Our abilities to generalize the application of specific ideas is perfected through practice. But before our habits become perfect, we perhaps will need to imagine more than one idea to make a generalization. So early on we will need to consider a couple ideas that apply to the common term. However, we know for certain

1) that we form the ideas of individuals,

2) that we almost never exhaust all possible individuals, and

3) that habit will still recall in other situations those individual ideas which we do not consider in a particular instance.

The equilateral triangle was a specific idea. As well, it implicitly represented all other ideas that apply to the term "regular figure." In this way Hume accounts for the paradox:

that some ideas are particular in their nature, but general in their representation.

The idea of the equilateral triangle becomes generalized when we attach it to the general term "regular figure." What makes this term general is

1) we are accustomed to applying a variety of specific ideas to it, and

2) we easily recall these other ideas when using this general term.


Hume will now describe our mind's operation of producing the proper idea upon hearing some word or sound. But we are incapable of giving the ultimate causes of our mental actions. So we instead will analogize from particular experiences.

Ways our minds produce the ideas proper to their respective words:


1) Production from more adequate ideas:

When we say "a thousand" or any other such large number, we are not able also to conceive an adequate idea of what "a thousand" is. However, our minds do have the power to produce the idea "a thousand." It does so by means of our adequate idea of the decimals. Under this idea we comprehend a variety of numbers, including one thousand.

This instance involves our habits of finding specific ideas that we customarily apply to certain ideas. So it is much like how we treat universal ideas.

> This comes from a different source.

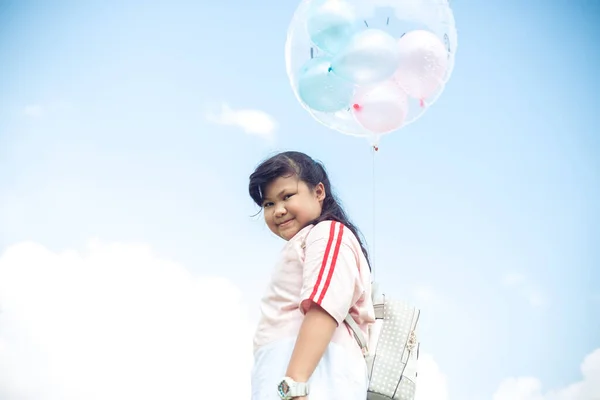 Çocuk Portresi Mutlu Yüz Ifadesi Balonlarla Mavi Gökyüzüyle Tek Başına — Stok fotoğraf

The idea of "a thousand" is not a complete concrete idea, so it is somewhat imperfect. Nonetheless, our power of reasoning is not imperfect. For, it is perfectly capable of producing an adequate idea from inadequate ones in this way.


2) Total recall from a single index word:

Actors memorize large passages of dialogue. But sometimes they forget their lines while performing. Often all they need is someone offstage to say the first word or phrase, and then they immediately recall the entire passage. In these cases, habits of associating the dialogue with its component words strengthen its potential for recall. All that is needed to revive the whole passage is merely the suggestion of one word or expression at its beginning.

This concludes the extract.